### [GIVEN ENTRIES]

++++++++

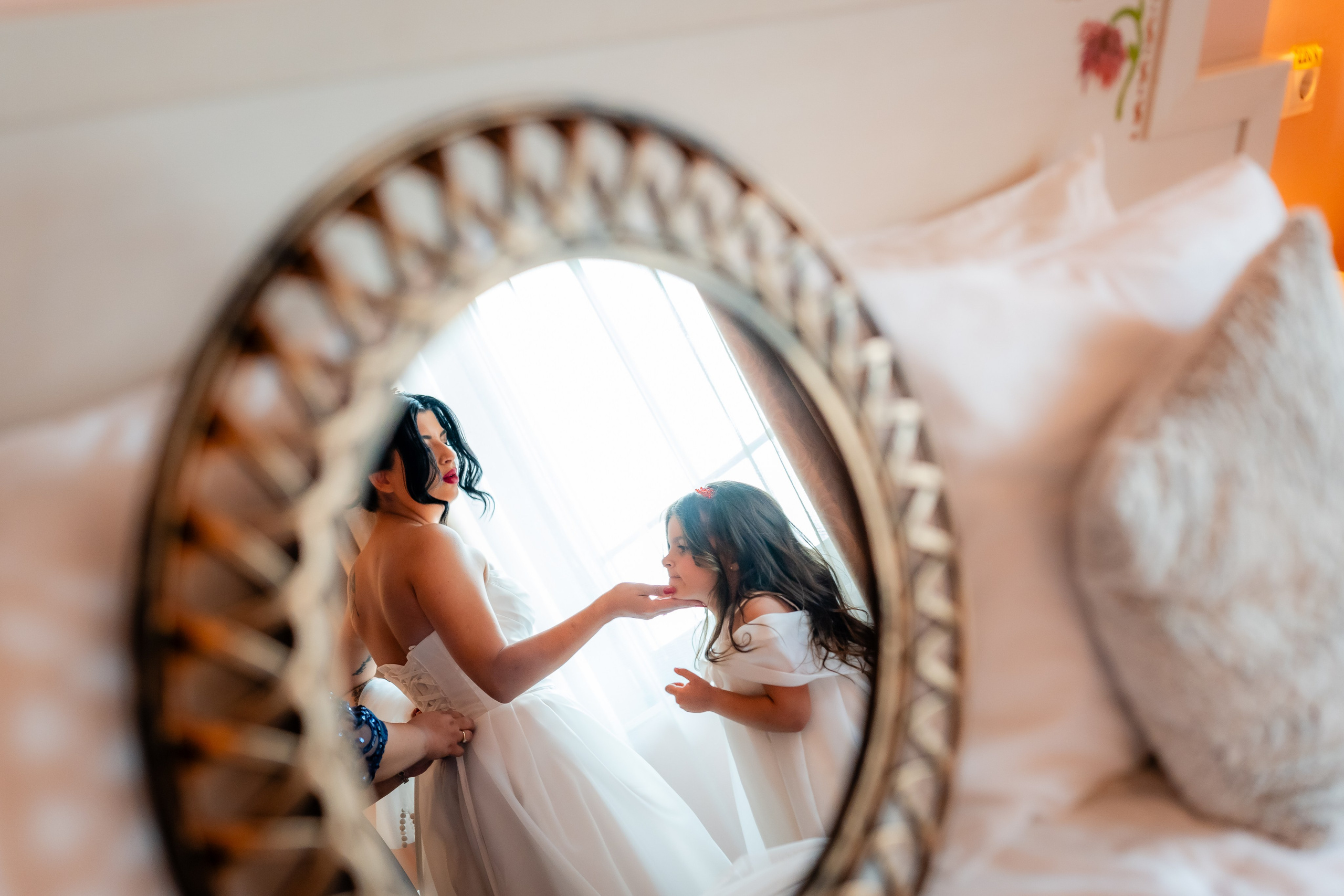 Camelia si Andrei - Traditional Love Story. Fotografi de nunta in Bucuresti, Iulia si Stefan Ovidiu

++++++++

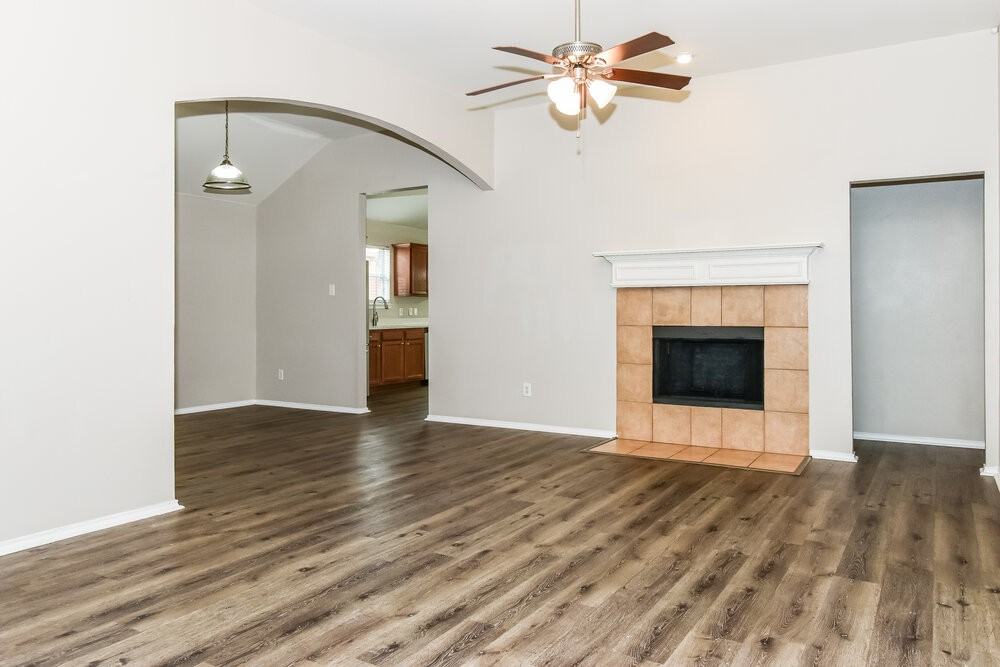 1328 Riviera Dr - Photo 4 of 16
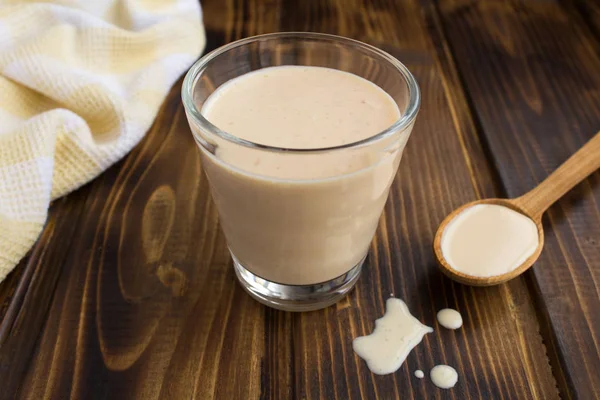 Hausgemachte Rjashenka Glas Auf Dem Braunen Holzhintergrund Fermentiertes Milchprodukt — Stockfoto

++++++++

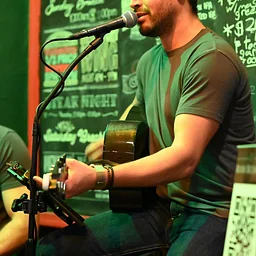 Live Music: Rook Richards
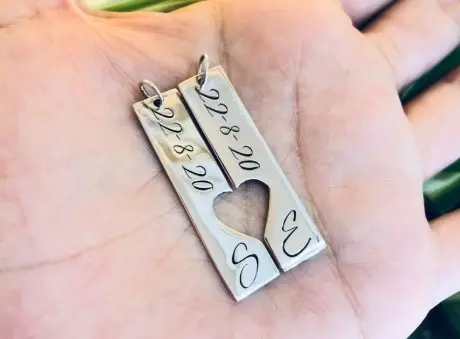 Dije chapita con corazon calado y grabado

++++++++

### [YOUR OBJECTIVE]
Using the entries above, write out exactly the lines from the one with "1328 Riviera Dr - Photo 4 of 16" through the one with "Hausgemachte Rjashenka Glas", ends included. Leave out any pictures.

### [WORKED SOLUTION]
 1328 Riviera Dr - Photo 4 of 16
 Hausgemachte Rjashenka Glas Auf Dem Braunen Holzhintergrund Fermentiertes Milchprodukt — Stockfoto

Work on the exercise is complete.